Boening raised the following issues concerning the use of LEU
fuel in FRM-II reactor designs: (1) qualification of HEU and LEU
silicide fuels, (2) gamma heating in the heavy water reflector,
(3) the radiological consequences of hypothetical accidents, and
(4) cost and schedule. These issues are addressed in this Attachment.
In his presentation, Dr. Hanan mentioned that ANL was also investigating
other LEU designs.
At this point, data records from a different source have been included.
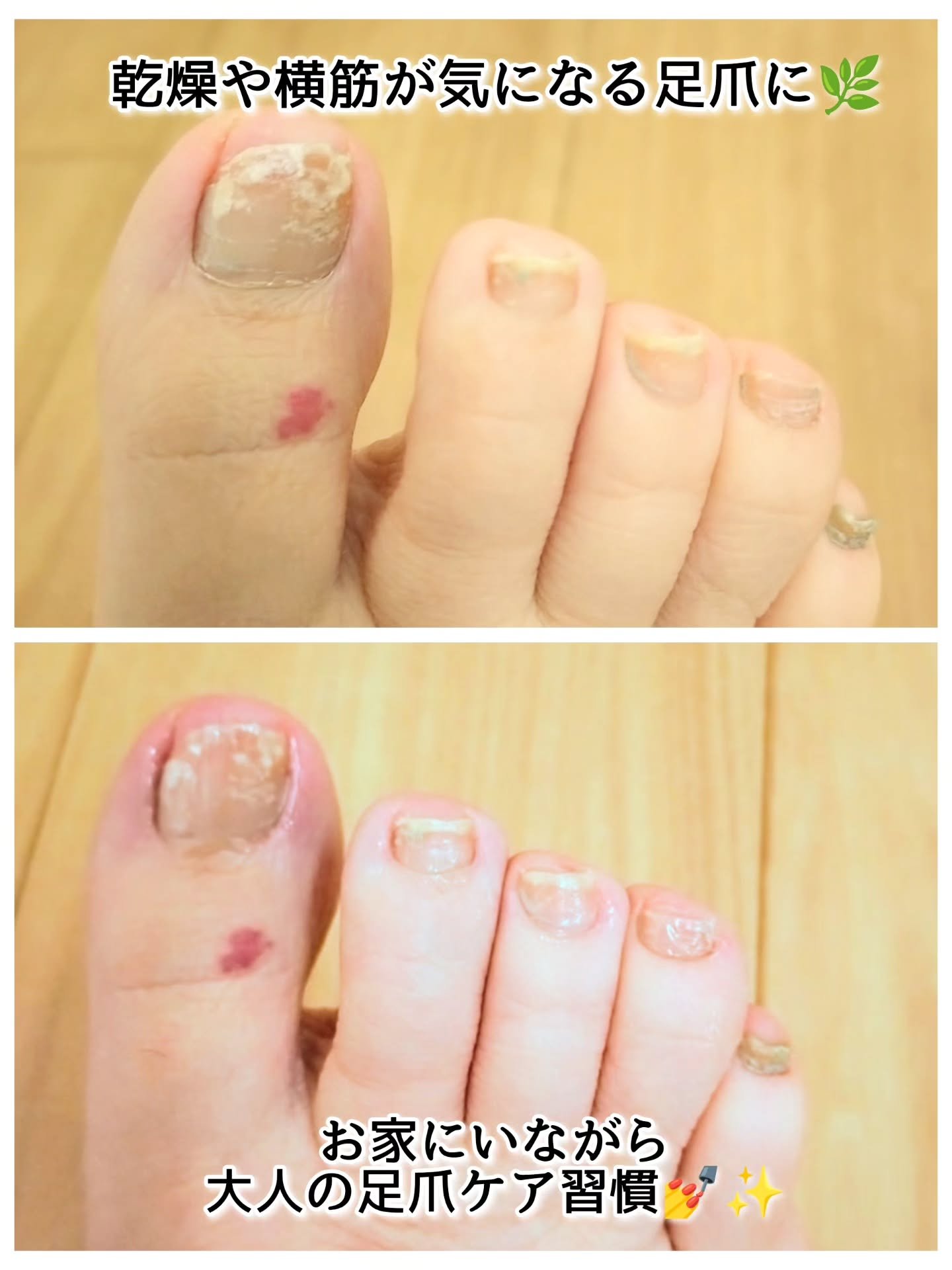 ベビーフット 足爪プロティンパック/ベビーフット/レッグ・フットケアを使ったクチコミ（3枚目）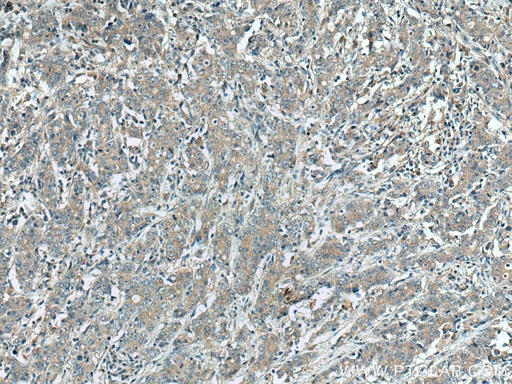 [12338-1-AP-150UL] DNAJC12 Polyclonal antibody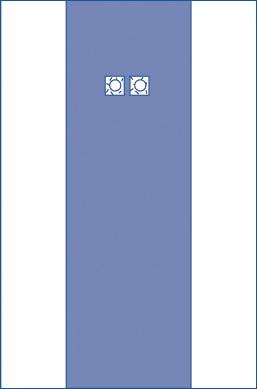 sterile-femoral-angiography-surgical-drape-with-2-windows-extended-reinforcement-dual-fenestrations-with-35-apertures-80-x-125-dynjp4102_1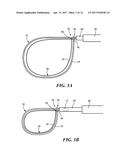 METHOD FOR CLOSURE AND ABLATION OF ATRIAL APPENDAGE diagram and image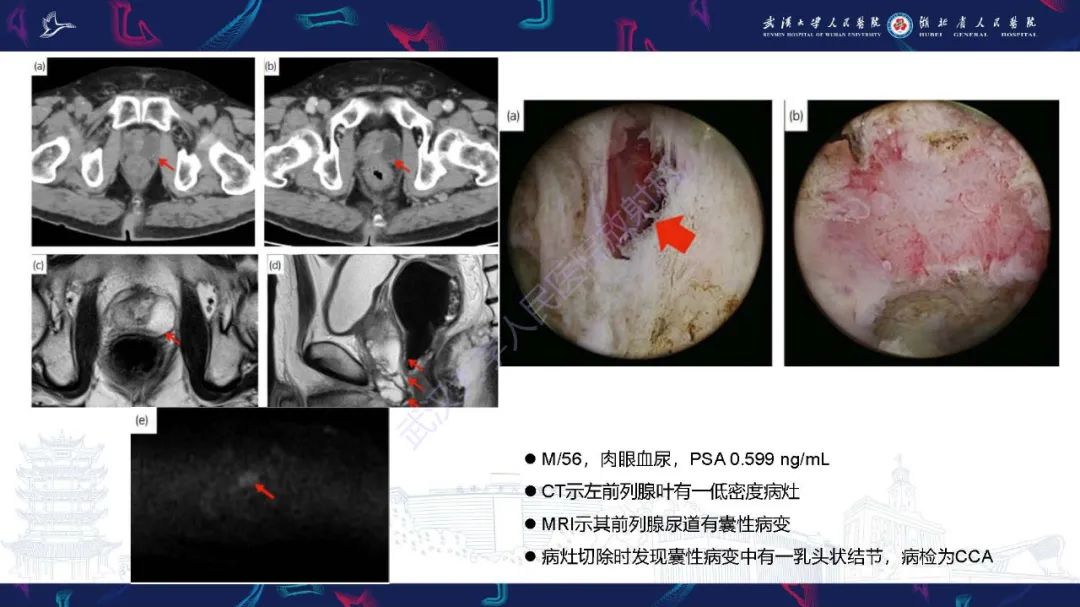 影像PPT - 【PPT】尿道原发透明细胞腺癌影像诊断-18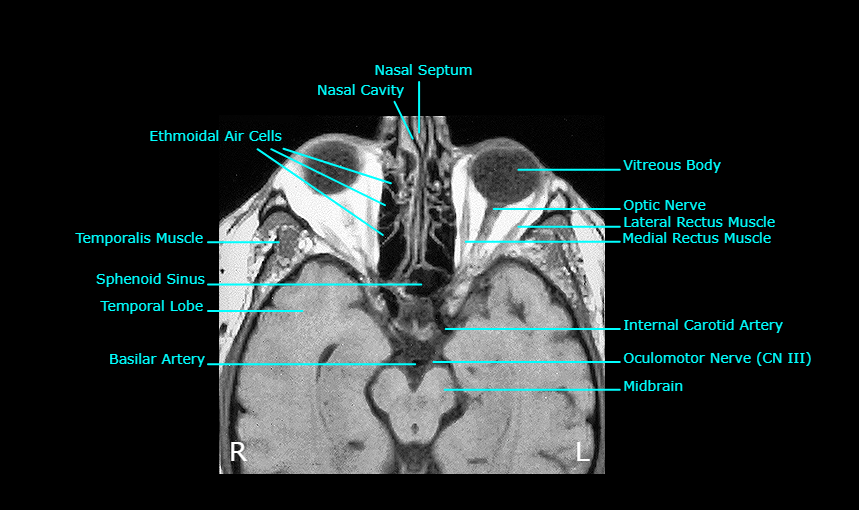 <ol><li><p>Nasal Septum</p></li><li><p>Nasal Cavity</p></li><li><p>Ethmoidal Sinus</p></li><li><p>Temporalis Muscle</p></li><li><p>Sphenoid Sinus</p></li><li><p>Temporal Lobe</p></li><li><p>Basilar Artery</p></li><li><p>Midbrain</p></li><li><p>Oculomotor Nerve (CN III)</p></li><li><p>Internal Carotid Artery</p></li><li><p>Medial Rectus Muscle</p></li><li><p>Lateral Rectus Muscle</p></li><li><p>Optic Nerve</p></li><li><p>Vitreous Body</p></li></ol><p></p>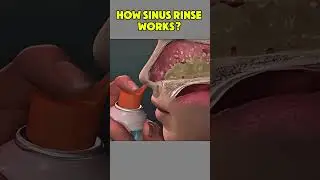 How sinus rinse works?#sinus#Rinse#Working#medicalworld #shorts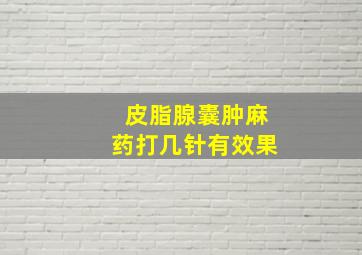 皮脂腺囊肿麻药打几针有效果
This work led to a second alternative LEU design
that has the same neutron flux performance (8 x 10(14) n/cm2/s
peak neutron flux in the reflector) and the same fuel lifetime
(50 full power days) as the HEU design, but uses LEU silicide
fuel with a uranium density of only 4.5 g/cm3. This design was
achieved by using a fuel plate that has a fuel meat thickness
of 0.76 mm, a cladding thickness of 0.38 mm, and a water channel
gap of 2.2 mm. Table A1 compares the main characteristics of this
second alternative LEU design with those of the FRM-II HEU design.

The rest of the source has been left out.